Exercise inputs ->

-.-.-

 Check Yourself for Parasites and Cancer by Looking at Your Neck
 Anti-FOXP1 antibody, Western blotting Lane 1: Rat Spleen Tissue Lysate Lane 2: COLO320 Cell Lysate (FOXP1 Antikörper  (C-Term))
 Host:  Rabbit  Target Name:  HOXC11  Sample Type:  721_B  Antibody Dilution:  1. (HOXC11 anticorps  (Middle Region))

-.-.-

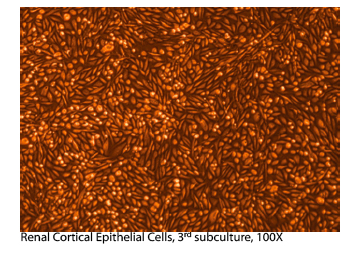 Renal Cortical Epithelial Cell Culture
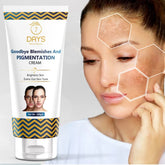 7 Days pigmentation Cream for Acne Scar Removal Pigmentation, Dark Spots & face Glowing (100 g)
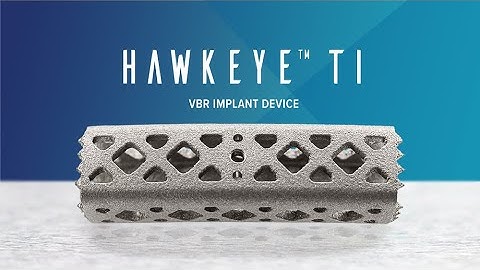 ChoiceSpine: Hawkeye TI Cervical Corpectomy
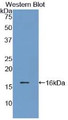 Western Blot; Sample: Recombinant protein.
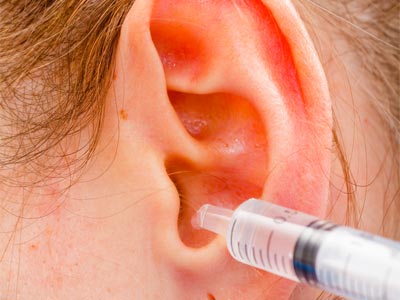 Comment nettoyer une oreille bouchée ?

-.-.-

Exercise objective ->
Above are records; repeat only the lines from the line with "ChoiceSpine: Hawkeye TI Cervical Corpectomy" through the line with "Comment nettoyer une oreille bouchée ?", and leave pictures out.

Answer ->
 ChoiceSpine: Hawkeye TI Cervical Corpectomy
 Western Blot; Sample: Recombinant protein.
 Comment nettoyer une oreille bouchée ?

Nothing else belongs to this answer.